Using File Relationships in Malware Classification
- Nikos Karampatziakis ,
- Jack W. Stokes ,
- Anil Thomas ,
- Mady Marinescu
Proceedings of Conference on Detection of Intrusions and Malware & Vulnerability Assessment |
Published by Springer
Typical malware classification methods analyze unknown files in isolation. However, malware does not exist in a vacuum. It is often packaged in container files such as zip archives. Other malware drops, or even downloads new files to the victim’s hard drive. We present a new malware classification system based on a graph induced by file relationships. In this paper we analyze archives exhibiting containment, a relationship for which we have much available data. However our method is quite general and can be applied to other types of file relationships. We face two key challenges in this work: we seek a method which can evaluate unknown files quickly and train the system with a very large, bipartite graph including over 719 thousand containers and 3.4 million files. To improve file classification, we propagate information along the edges of the graph and assign malware probabilities to all files, regardless of whether they are infectious or not. As a first step, we propose several methods to classify the containers; these algorithms are based on our initial, baseline probability estimates for each individual file in the archive being malicious. Next, we present a new, highly scalable, file relationship malware classifier which improves the baseline probability estimate for each it individual file based on the malware probabilities of each archive containing the file and the initial baseline estimate.
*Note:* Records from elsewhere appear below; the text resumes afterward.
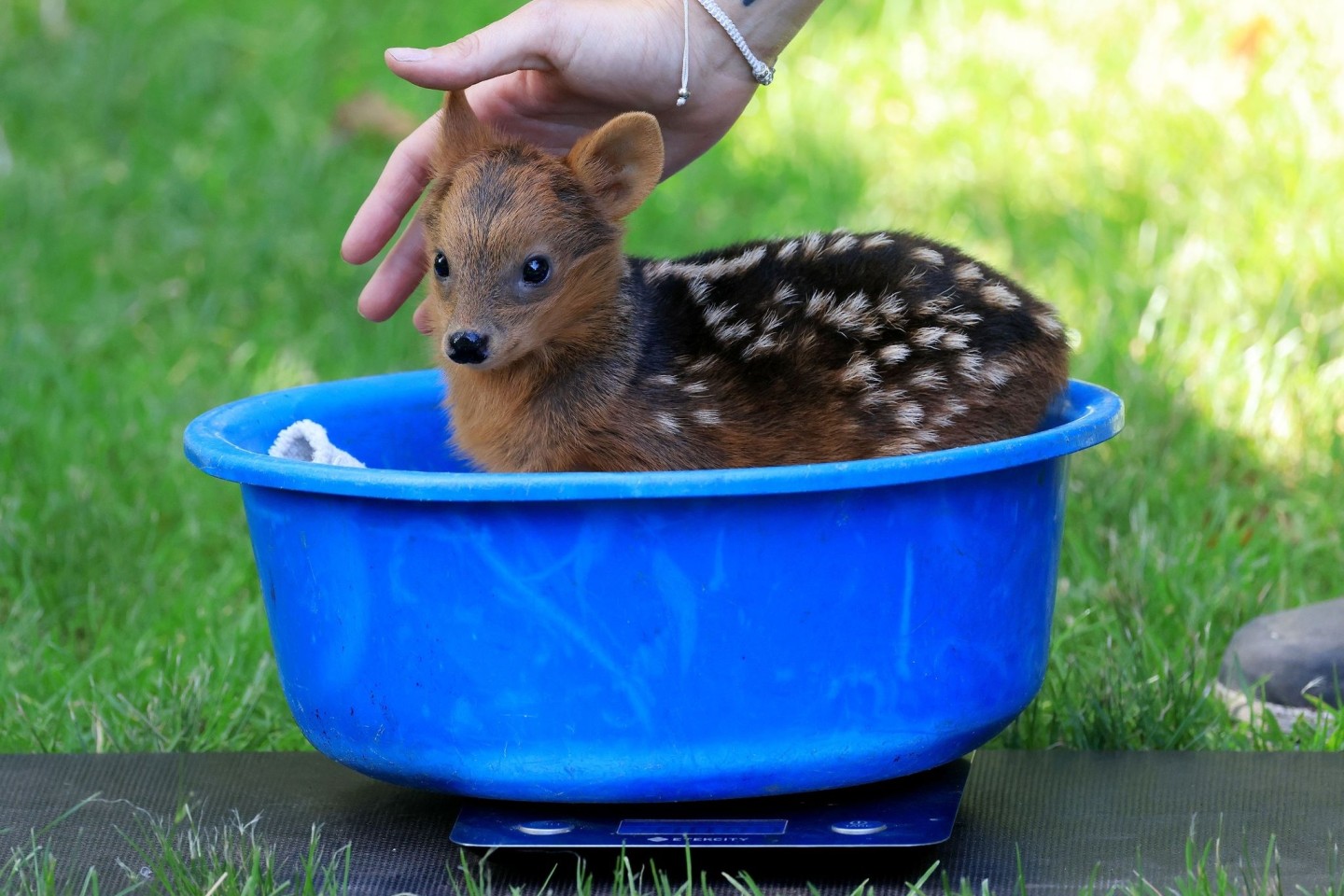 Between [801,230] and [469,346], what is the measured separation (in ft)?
12.9

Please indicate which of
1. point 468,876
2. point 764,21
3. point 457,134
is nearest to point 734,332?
point 457,134

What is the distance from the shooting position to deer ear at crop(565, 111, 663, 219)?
2.97m

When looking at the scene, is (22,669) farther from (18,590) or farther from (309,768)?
(309,768)

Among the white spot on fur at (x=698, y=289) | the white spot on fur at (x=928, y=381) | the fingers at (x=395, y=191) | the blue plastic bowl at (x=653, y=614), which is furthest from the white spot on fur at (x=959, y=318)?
the fingers at (x=395, y=191)

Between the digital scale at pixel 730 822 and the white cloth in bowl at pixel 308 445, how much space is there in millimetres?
744

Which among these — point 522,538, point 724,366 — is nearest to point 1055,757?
point 724,366

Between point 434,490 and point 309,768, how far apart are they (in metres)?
0.99

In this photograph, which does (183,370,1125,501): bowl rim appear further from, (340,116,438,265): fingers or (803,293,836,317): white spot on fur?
(340,116,438,265): fingers

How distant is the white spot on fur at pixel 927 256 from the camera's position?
10.3 ft

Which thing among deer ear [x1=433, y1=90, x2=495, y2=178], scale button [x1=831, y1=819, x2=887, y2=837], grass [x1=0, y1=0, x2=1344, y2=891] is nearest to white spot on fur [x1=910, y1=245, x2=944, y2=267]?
deer ear [x1=433, y1=90, x2=495, y2=178]

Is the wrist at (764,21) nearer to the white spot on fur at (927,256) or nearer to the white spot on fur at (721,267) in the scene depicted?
the white spot on fur at (721,267)

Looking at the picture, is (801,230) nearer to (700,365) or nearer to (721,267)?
(721,267)

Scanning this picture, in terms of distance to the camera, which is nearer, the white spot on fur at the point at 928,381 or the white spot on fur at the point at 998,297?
the white spot on fur at the point at 928,381

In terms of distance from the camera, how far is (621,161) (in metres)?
3.04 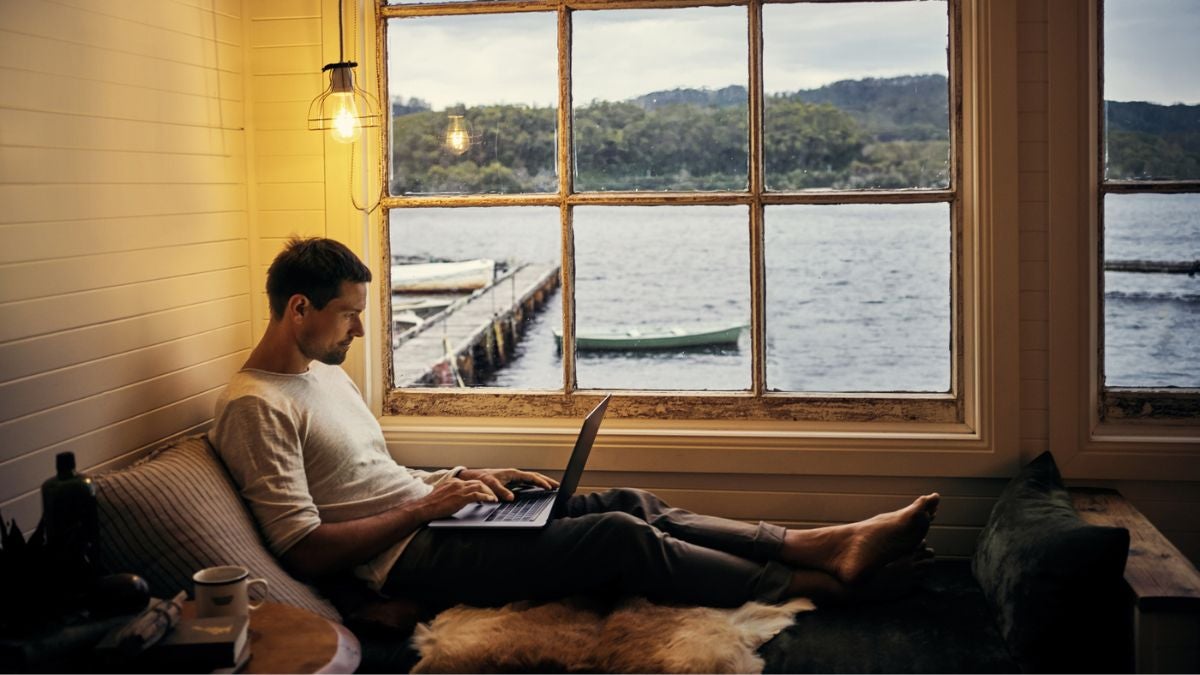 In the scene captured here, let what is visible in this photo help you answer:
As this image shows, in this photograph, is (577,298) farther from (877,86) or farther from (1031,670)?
(1031,670)

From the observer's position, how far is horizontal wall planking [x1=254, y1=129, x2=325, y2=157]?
349cm

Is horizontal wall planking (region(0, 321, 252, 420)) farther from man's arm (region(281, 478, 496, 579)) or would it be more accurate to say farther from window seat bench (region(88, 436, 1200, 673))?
man's arm (region(281, 478, 496, 579))

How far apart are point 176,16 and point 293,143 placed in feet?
1.74

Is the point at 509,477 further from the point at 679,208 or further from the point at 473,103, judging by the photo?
the point at 473,103

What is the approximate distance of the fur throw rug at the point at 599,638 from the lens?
8.09 feet

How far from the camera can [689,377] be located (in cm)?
352

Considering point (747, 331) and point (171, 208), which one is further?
point (747, 331)

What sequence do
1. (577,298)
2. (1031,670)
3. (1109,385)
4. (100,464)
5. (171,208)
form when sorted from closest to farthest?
(1031,670) → (100,464) → (171,208) → (1109,385) → (577,298)

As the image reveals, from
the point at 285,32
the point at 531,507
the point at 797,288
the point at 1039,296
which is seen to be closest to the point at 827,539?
the point at 531,507

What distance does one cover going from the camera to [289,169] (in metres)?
3.51

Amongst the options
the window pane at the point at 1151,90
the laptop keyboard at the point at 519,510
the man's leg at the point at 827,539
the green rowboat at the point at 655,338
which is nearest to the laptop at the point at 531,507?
the laptop keyboard at the point at 519,510

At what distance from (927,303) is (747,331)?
20.7 inches

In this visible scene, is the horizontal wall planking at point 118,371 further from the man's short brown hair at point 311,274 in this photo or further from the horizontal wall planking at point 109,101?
the horizontal wall planking at point 109,101

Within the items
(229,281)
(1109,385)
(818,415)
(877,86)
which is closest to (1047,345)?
(1109,385) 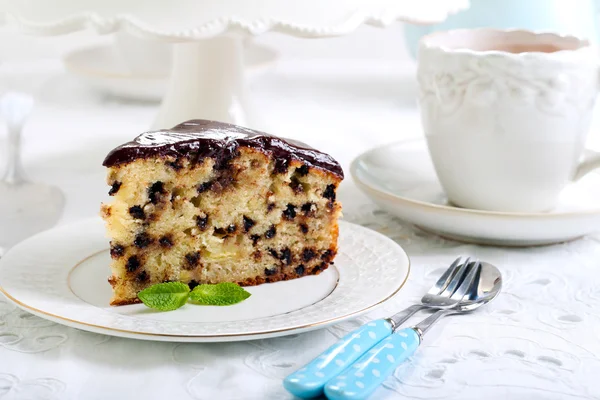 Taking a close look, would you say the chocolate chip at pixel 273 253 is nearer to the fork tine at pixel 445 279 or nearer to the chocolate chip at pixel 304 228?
the chocolate chip at pixel 304 228

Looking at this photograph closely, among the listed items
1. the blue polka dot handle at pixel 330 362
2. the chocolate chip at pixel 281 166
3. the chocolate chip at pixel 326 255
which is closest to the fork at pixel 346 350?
the blue polka dot handle at pixel 330 362

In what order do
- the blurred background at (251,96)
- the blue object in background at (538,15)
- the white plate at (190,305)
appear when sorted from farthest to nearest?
the blue object in background at (538,15) < the blurred background at (251,96) < the white plate at (190,305)

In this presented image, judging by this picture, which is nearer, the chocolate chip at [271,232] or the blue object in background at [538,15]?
the chocolate chip at [271,232]

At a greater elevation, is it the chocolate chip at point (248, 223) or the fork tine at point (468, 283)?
the chocolate chip at point (248, 223)

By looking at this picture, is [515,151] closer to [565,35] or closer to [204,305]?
[565,35]

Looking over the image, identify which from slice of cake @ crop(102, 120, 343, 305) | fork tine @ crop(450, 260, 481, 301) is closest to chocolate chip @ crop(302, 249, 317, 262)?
slice of cake @ crop(102, 120, 343, 305) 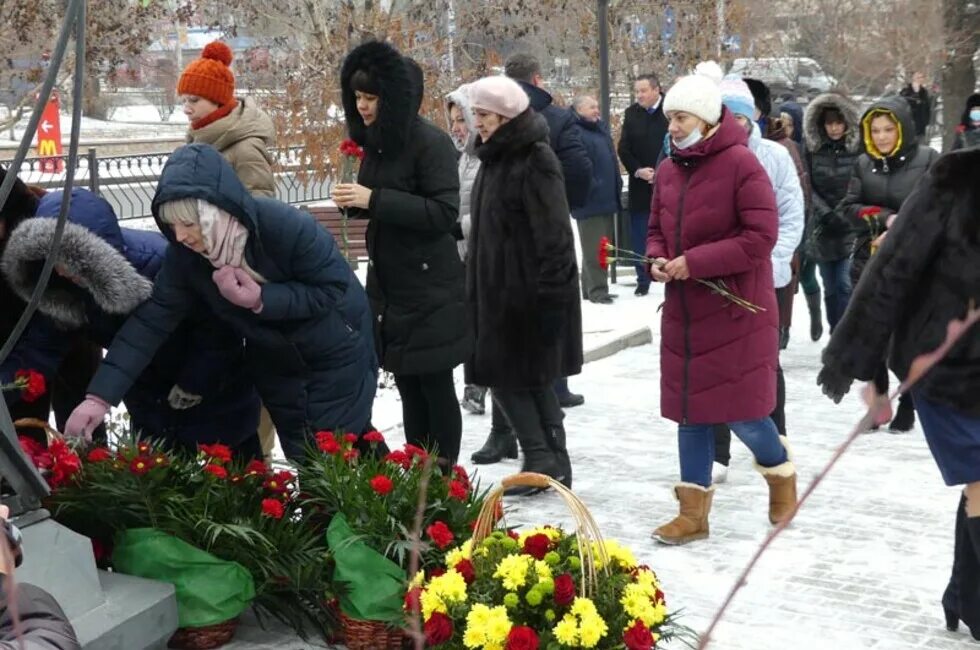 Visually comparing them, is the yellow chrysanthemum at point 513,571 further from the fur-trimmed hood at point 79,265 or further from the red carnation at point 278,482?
the fur-trimmed hood at point 79,265

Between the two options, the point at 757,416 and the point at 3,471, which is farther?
the point at 757,416

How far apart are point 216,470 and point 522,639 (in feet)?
4.79

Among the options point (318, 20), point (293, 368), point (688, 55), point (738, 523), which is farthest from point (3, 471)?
point (688, 55)

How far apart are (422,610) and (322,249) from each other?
4.86ft

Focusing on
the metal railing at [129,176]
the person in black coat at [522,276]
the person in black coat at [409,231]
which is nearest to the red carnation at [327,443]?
the person in black coat at [409,231]

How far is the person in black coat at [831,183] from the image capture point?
9.66 metres

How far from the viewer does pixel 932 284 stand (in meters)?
4.48

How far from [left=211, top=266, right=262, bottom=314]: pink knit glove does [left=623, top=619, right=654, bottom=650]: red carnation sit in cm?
171

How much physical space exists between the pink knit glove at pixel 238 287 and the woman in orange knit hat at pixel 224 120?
157 cm

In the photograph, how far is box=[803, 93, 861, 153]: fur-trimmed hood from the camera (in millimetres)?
9680

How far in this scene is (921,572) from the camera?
5613mm

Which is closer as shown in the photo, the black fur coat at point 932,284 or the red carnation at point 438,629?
the red carnation at point 438,629

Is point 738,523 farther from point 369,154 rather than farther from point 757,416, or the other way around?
point 369,154

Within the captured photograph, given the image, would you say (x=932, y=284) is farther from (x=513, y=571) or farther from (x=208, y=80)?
(x=208, y=80) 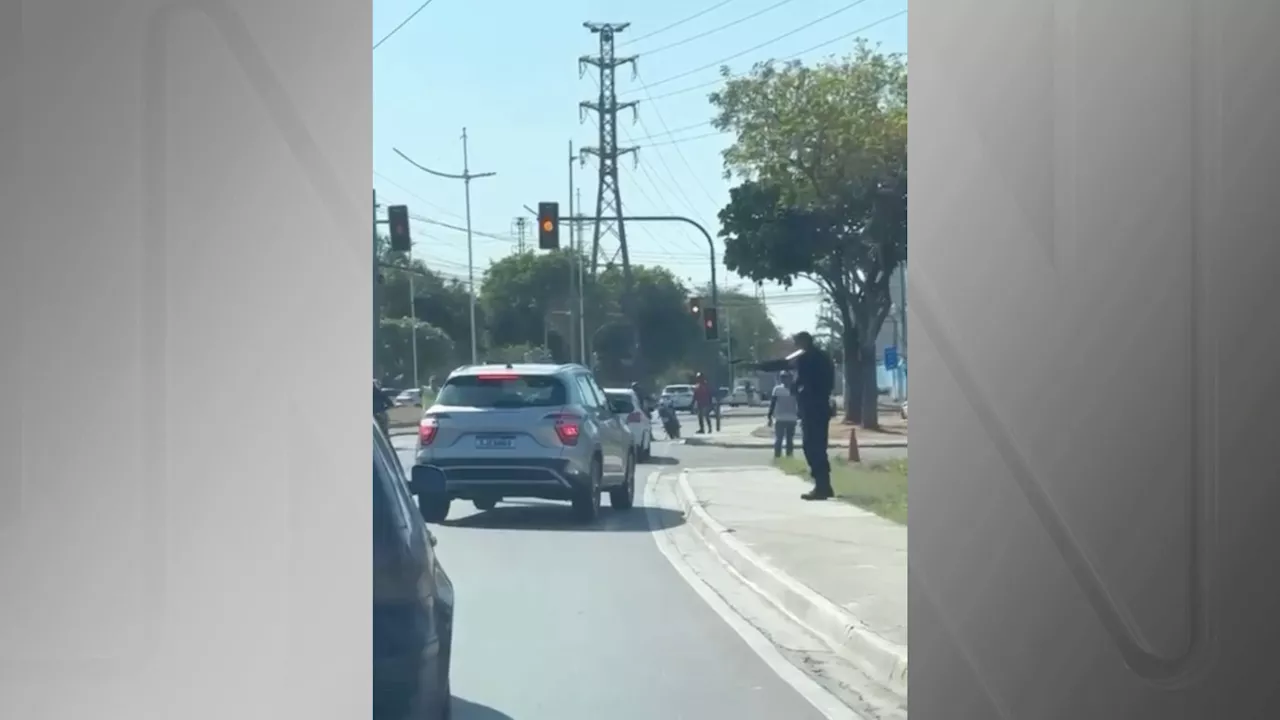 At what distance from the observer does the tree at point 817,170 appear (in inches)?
333

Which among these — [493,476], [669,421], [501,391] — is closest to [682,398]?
[669,421]

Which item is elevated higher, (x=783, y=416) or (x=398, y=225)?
(x=398, y=225)

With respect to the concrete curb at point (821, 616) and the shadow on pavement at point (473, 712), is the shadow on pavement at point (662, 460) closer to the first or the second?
the concrete curb at point (821, 616)

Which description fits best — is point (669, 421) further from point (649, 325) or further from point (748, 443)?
point (649, 325)

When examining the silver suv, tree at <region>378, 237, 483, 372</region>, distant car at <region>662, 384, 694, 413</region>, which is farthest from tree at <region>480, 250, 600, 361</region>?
distant car at <region>662, 384, 694, 413</region>

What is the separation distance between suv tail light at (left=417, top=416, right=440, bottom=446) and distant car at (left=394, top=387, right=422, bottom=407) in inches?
28.5

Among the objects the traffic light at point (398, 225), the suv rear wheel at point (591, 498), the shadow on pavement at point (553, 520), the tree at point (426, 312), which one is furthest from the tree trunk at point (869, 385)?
the traffic light at point (398, 225)

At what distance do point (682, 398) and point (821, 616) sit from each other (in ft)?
35.8

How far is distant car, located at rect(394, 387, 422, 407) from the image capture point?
23.0 ft

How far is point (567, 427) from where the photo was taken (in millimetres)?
9047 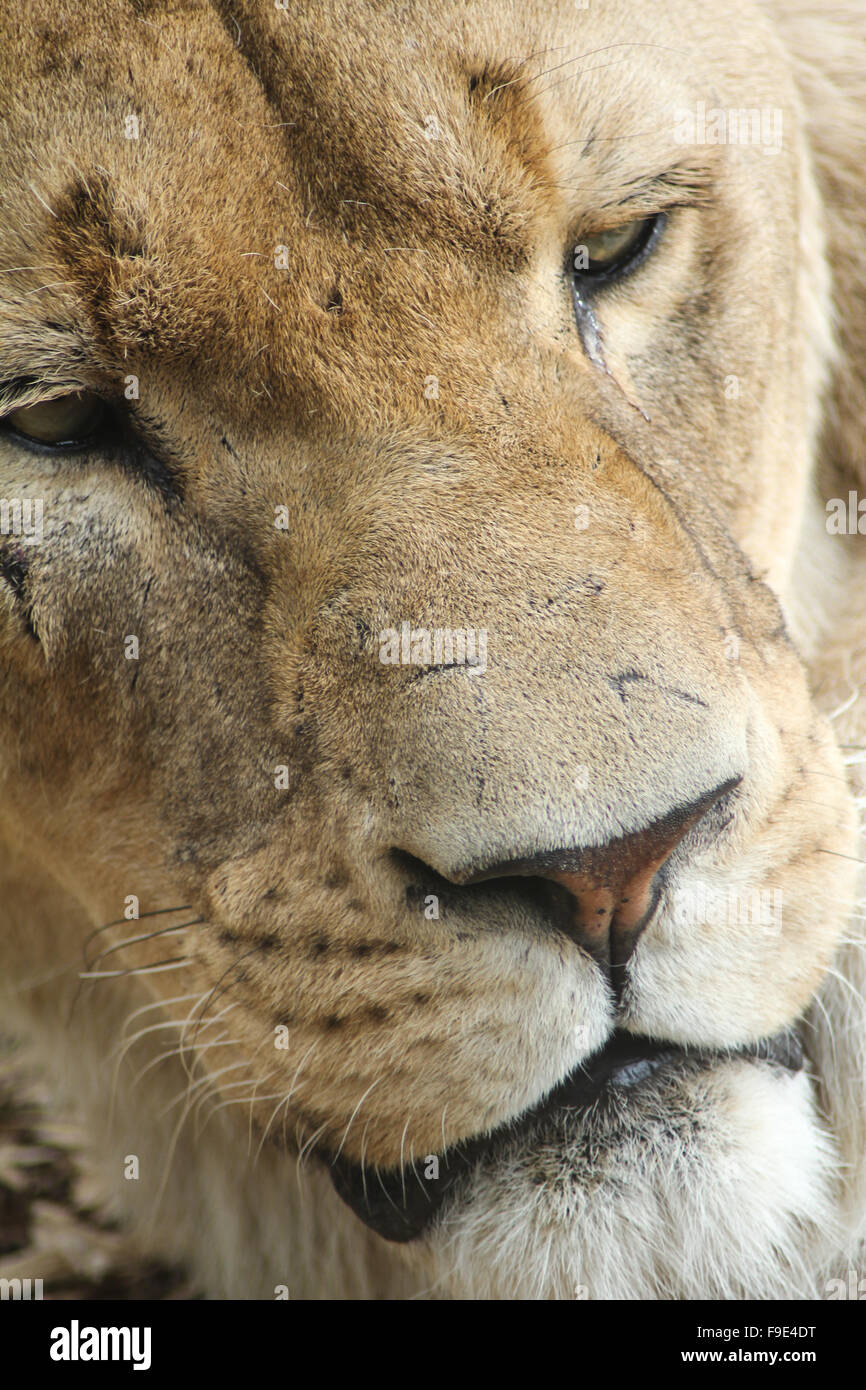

We show that since malicious files are often included in multiple malware containers, the system’s detection accuracy can be significantly improved, particularly at low false positive rates which are the main operating points for automated malware classifiers. For example at a false positive rate of 0.2%, the false negative rate decreases from 42.1% to 15.2%. Finally, the new system is highly scalable; our basic implementation can train both our classifiers in a total of 16 minutes.